After CNN aired its heavily promoted "Planet in Peril" series examining the impact of humans on the environment and the devastating impact of earth's rising temperatures, competitor Fox News aired a segment aimed at debunking the "Al Gore rhetoric."

Conservative host Sean Hannity made clear his disdain for CNN's environmental alarm when the show he co-hosts convened a panel of graduate students to discuss the program. Several students involved say their views were misrepresented, and they are now complaining the Fox talker made them out to be a bunch of science-denying rubes.

"We ... feel like we were sold out by Fox News," Chris Hain, one of the participants, told RAW STORY.

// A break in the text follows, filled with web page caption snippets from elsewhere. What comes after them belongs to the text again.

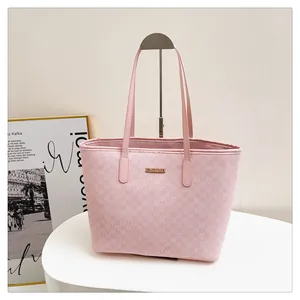 Detail of pink tote bag showing M-letter monogram pattern and gold metal logo plaque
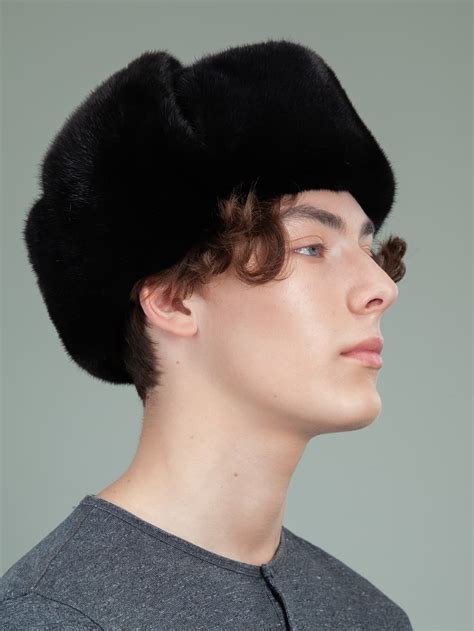 Unveiling the Symbolism Behind a Gentleman Donning an Ushanka Cap in Dream Imagery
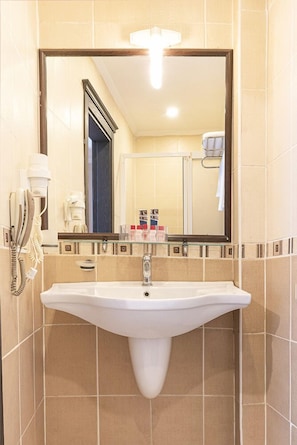 A bathroom with a white sink, a mirror, and a hairdryer on the wall.
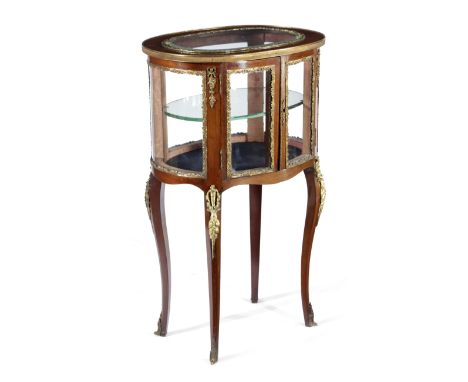 A FRENCH MAHOGANY OVAL VITRINE LATE 19TH CENTURY with ormolu mounts, the top with a bevelled glass panel above a pair of door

Hain was one of about 10 graduate students at the University of Alabama-Huntsville who watched CNN's four-hour mini-series then participated in a focus group led by Dr. John Christy, a professor at the school and prominent global warming skeptic.

"Using their so-called "Planet in Peril" series, the network [CNN] is scaring you, the American public, into believing the Al Gore rhetoric," Hannity spat introducing his segment. "Our cameras traveled to the University of Alabama, at Huntsville, to provide a very different perspective on a subject that by no means should be considered accepted science."

Participants said the students participated in a lively, hourlong debate with at least half the students having a positive reaction to the CNN special, despite Hannity's characterization. In its heavily edited segment, Fox cut students' quotes short to mischaracterize their sentiments and accent the negative, Hain claimed.

Will McCarty, a doctoral candidate at the university, is seen in the Hannity & Colmes segment saying that the CNN special lacked data because of ratings concerns.

"This whole (CNN) special was more of a human interest piece. It was not here to give us numbers, numbers, numbers, numbers" he said in comments aired on Fox. "We (scientists) like that, not everybody likes that in the world, and that's not ratings."

McCarty tells RAW STORY those comments were cut-off to portray a negative slant; during the discussion, McCarty says, he praised CNN's "balanced" report and said its presentation was the "logical" approach to make a complex topic engaging for the average viewer. (Those comments didn't find their way to Fox.)

"Nobody's going to watch physics specials on PBS that they show you in high school for fun," McCarty said in an interview Tuesday. "That's not going to teach anybody anything, 1.6-degrees-celsius per decade doesn't mean a lot to most people."

Students said they knew of Christy's views on global warming and Fox News's bias before agreeing to the focus group, so the slanted segment wasn't a huge surprise. The professor/moderator defended the segment, saying Fox's presentation was no worse than what appears on any other network covering controversial subject matter.

"If you look at Planet in Peril, that's the first example of people slanting," Christy told RAW STORY. "I think Fox was trying to go the other way."